Liberal National Party candidate for Lilley, Vivian Lobo, referred to federal police

Liberal National Party candidate Vivian Lobo has been referred to the Australian Federal Police.

Liberal National Party candidate Vivian Lobo has been referred to the Australian Federal Police. Photo: TND/Liberal Party of Australia

Coalition attempts to win back one of Queensland’s most marginal seats have been dealt a major blow after a Liberal National Party candidate was referred to the Australian Federal Police.

Contesting the north Brisbane seat of Lilley, Vivian Lobo will be investigated for allegedly making false claims to the Australian Electoral Commission about his current residential address.

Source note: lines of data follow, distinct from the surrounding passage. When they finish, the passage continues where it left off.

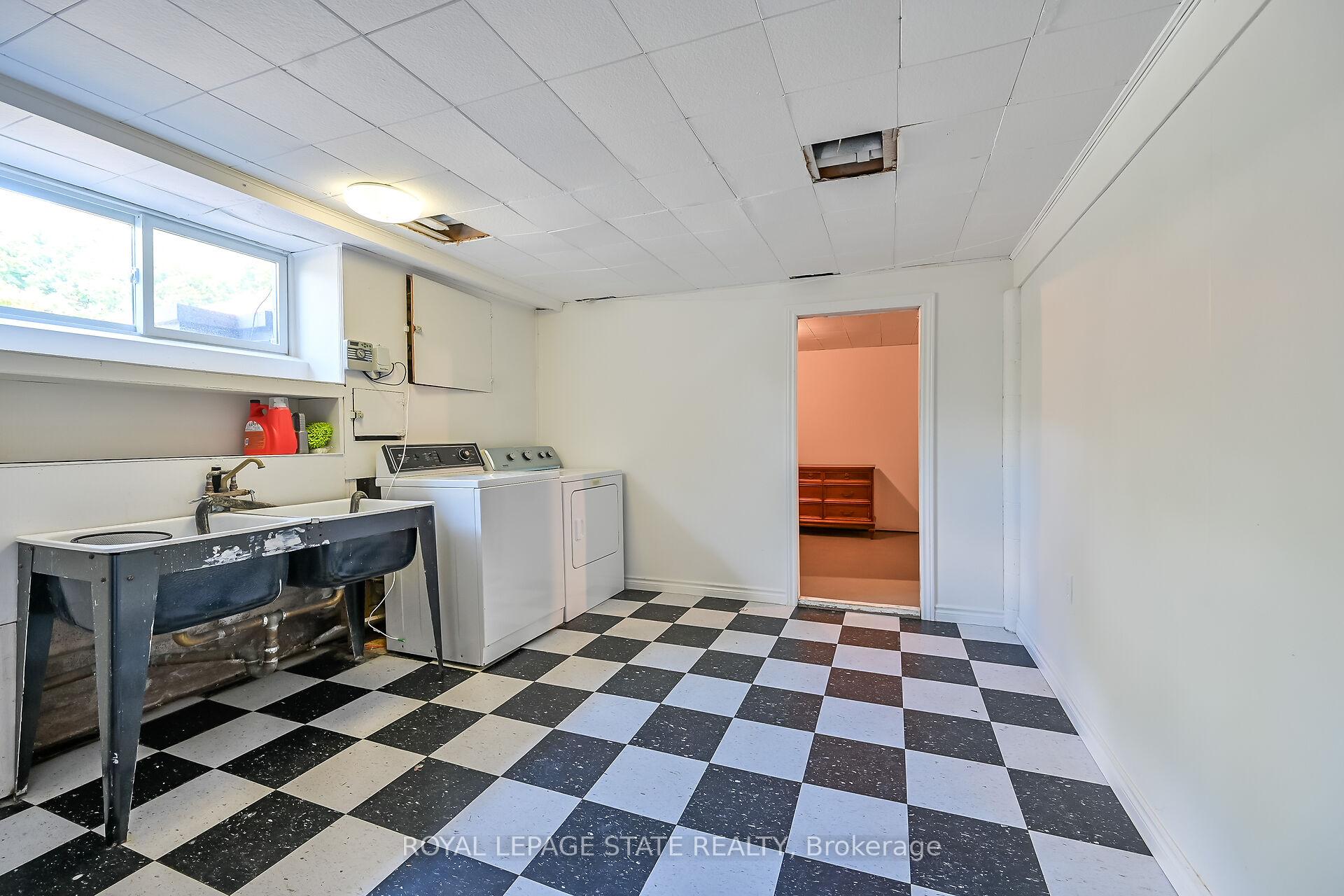 Photo 19 of 128 Oneida Boulevard, Hamilton, Ancaster — HOMEH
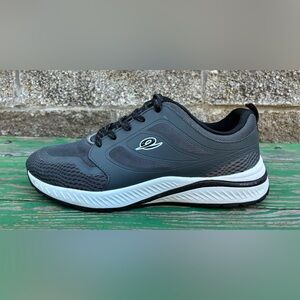 Easy Spirit SCHUGS Womens 7 Narrow Walking Sneakers Gray Comfort Shoes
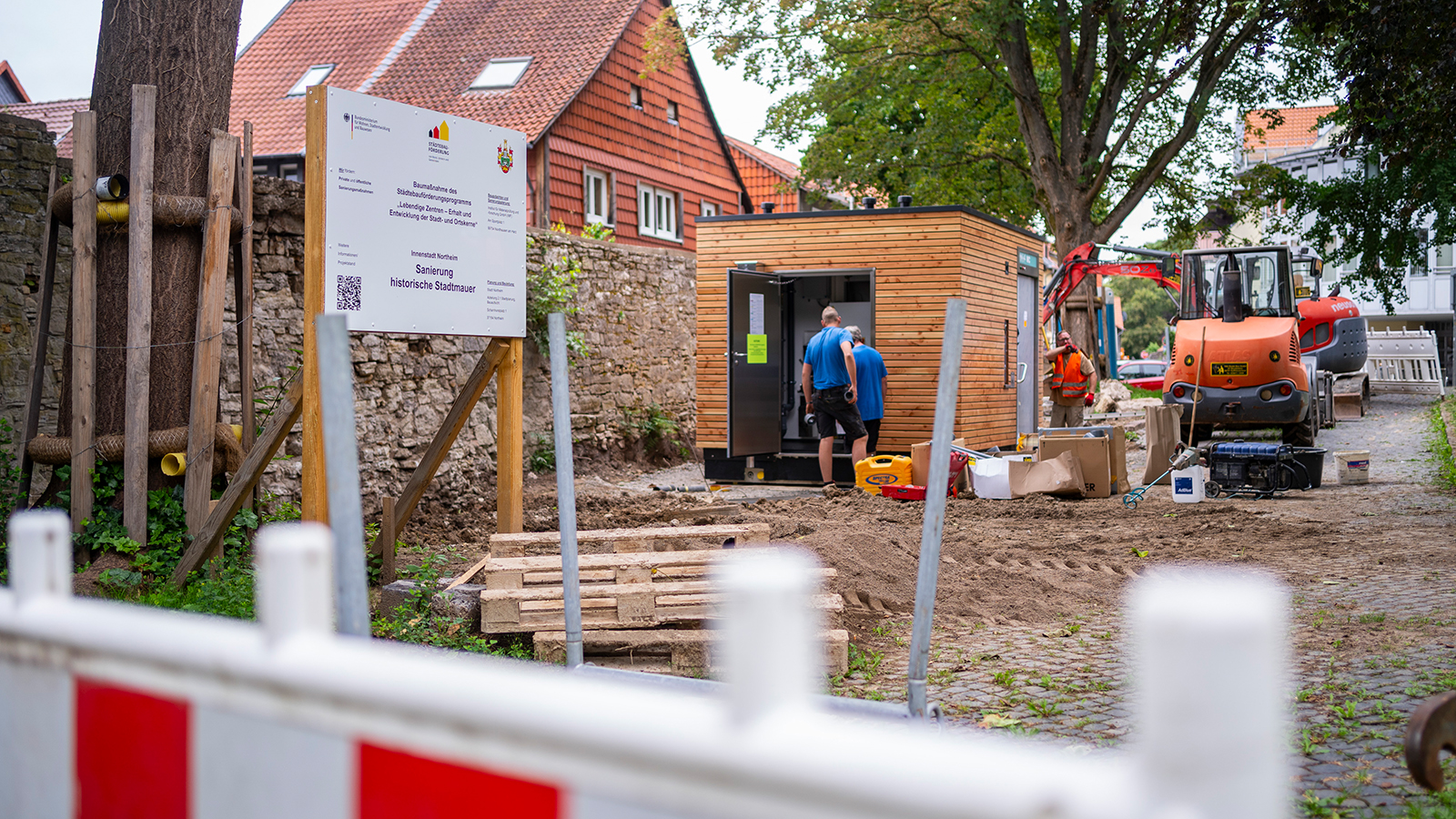 Neue öffentliche Toilettenanlagen am „Adolf-Hueg-Wall“ und an der „Oberen Straße“ in Northeim aufgestellt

The AEC said on Sunday “there is concern as to whether the information provided by him regarding his residential address on [his enrolment and candidate nomination] forms is false”.

It comes after The Australian newspaper revealed on Friday the Everton Park address where Mr Lobo claims he lives is “in fact an abandoned, unfurnished and dilapidated house” that neighbours say has been sitting empty for at least a year.

The newspaper said Mr Lobo was instead living in the upmarket suburb of Windsor in the neighbouring electorate of Brisbane, held by Liberal MP Trevor Evans.

Mr Lobo said he will co-operate with the AEC’s investigation.

“I enrolled in the electorate as I had signed a lease in Everton Park with the intention to move in straight away,” Mr Lobo said.

“However, due to my campaign commitments and difficulty with getting tradespeople to the home, I was delayed moving in.”

The Coalition campaign has not said whether it will continue supporting Mr Lobo in Lilley.

He is the second Coalition candidate to be referred to the AFP for investigation in recent days amid widespread voter concerns about corruption in politics.

Isaacs candidate Robbie Beaton was referred on Thursday after he told a newspaper he did not live at the Melbourne property where he was enrolled.

Prime Minister Scott Morrison needs to explain whether Mr Lobo will be stood down during the investigation, Queensland Labor Senator Murray Watt said on Sunday.

“This is an extremely serious allegation to emerge in relation to a candidate in the middle of an election campaign,” he said.

Not standing Mr Lobo down would be another blow to a government that has failed to deliver on a federal anti-corruption commission it promised at the last election, he added.

“This government has a terrible record when it comes to integrity,” Mr Watt said.

“They’ve had rort after rort … and now this is the second candidate across the country who has been referred for police investigation in the middle of an election campaign.”

Labor’s Anika Wells currently holds the seat of Lilley on a 0.6 per cent margin after a swing of more than 5 per cent to the LNP at the 2019 election.

Candidate nominations will remain as formally declared in April.

“Ballot papers have been printed and distributed across the country for early voting to begin on Monday and many postal voters have already received their postal voting packs,” the AEC said.

In a statement, the AFP said it does not comment on matters that may be subject to investigation.